Given information ::

====================

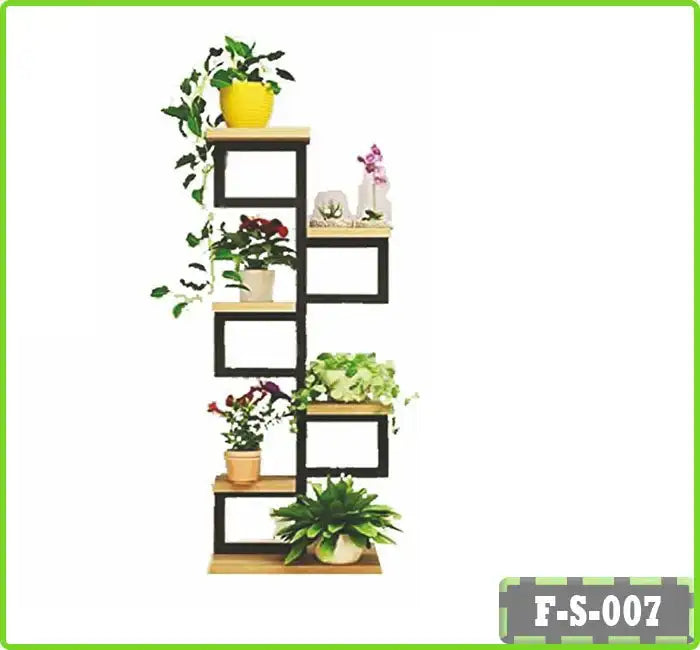 6-tier iron plant stand with potted flowers and modern black frame design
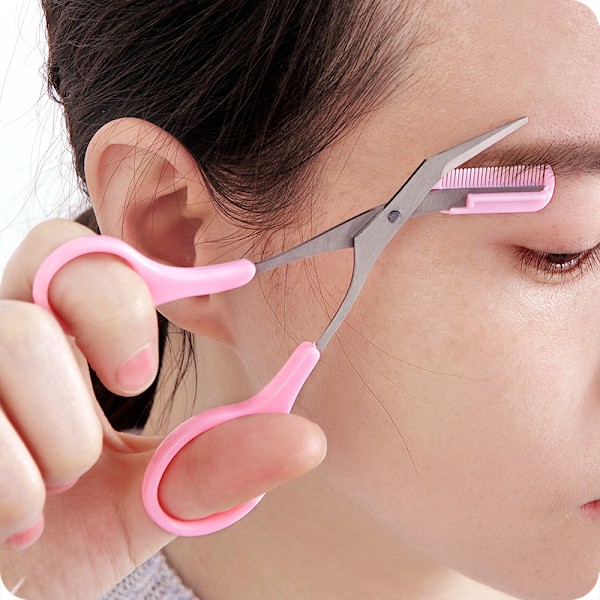 1 st Eyebrow Scissors Comb för Bättre Längdkontroll, Skönhetsverktyg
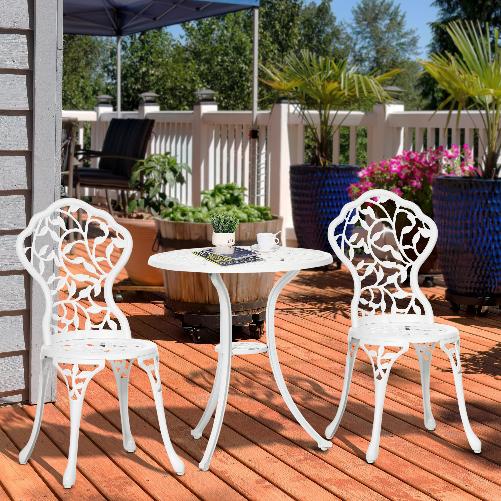 Outsunny Set da Giardino 3 Pezzi in Alluminio Bianco, 2 Sedie da Esterno 45x42x85.5 cm e Tavolino Rotondo Ø61x66.5 cm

====================

Retype the full listing above precisely. Exclude each picture you find in it.

Reply to the exercise ::
 6-tier iron plant stand with potted flowers and modern black frame design
 1 st Eyebrow Scissors Comb för Bättre Längdkontroll, Skönhetsverktyg
 Outsunny Set da Giardino 3 Pezzi in Alluminio Bianco, 2 Sedie da Esterno 45x42x85.5 cm e Tavolino Rotondo Ø61x66.5 cm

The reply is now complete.